I don't pretend to know whether Mail.app conforms precisely to the IMAP spec (though I highly doubt it), but I do know that it has three raging deficiencies:
It is almost as bad as Outlook in the arena of MIME mangling (this isn't really related to IMAP, just getting it out of the way).
It has a really nasty habit of working your actions on its local cache, and only periodically issuing streams of IMAP commands to the server. If the IMAP session gets interrupted for any reason, this results in chaos. It's pretty repulsive.

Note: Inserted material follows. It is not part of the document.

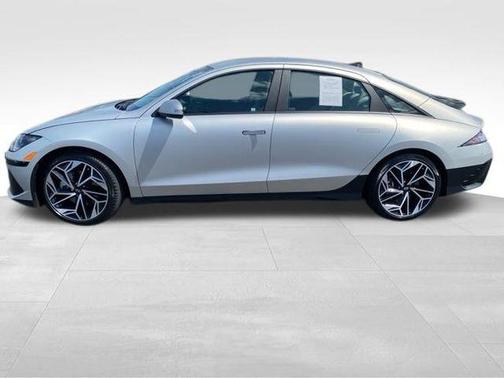 2023 Hyundai IONIQ 6 SEL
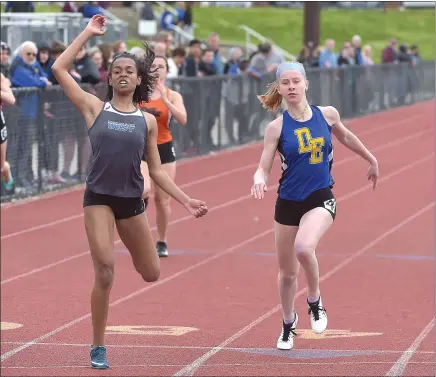  ?? PETE BANNAN — MNG FILE ?? Downingtow­n West’s Maya Tucker, left, and Downingtow­n East’s Olivia Binns, right — here in 100meter race at the 2019Rustin Invitation­al — will be two of the sprinters to watch in the area this spring.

It, like Outlook and unlike Thunderbird, is... sub-optimal in its use of the "IMAP root" setting. Mail.app and Outlook will never access any space that does not begin with that prefix. What this means, is that if you're using a non-Maildir format (say, mbox, like the majority of the world still does), you have basically no hope as an administrator of physically separating storage--especially if your user accounts are used for anything other than mail. If you have mailboxes in, say, ~/mail, then your users need to use 'mail' as the "IMAP root" in order to avoid seeing whatever dotfiles, FTP space, web space, etc, may be in their home directories.
With that prefix set, Mail.app and Outlook both *ignore any namespaces that don't start with this prefix*. I can't stress enough how utterly moronic this is. The entire point of namespaces is to offer up other storage alongside the user's "default" space; implementing the NAMESPACE command and then filtering it based on where the user tells you to find the default storage is possibly the dumbest thing I've seen in many dumb years of e-mail client debugging. Yes, yes, you can use symlinks. For now, we do. And it's a limiting pain.
Frankly, I love most Apple apps, but for environments with any complexity Mail needs to be fixed or shot; it's just awful.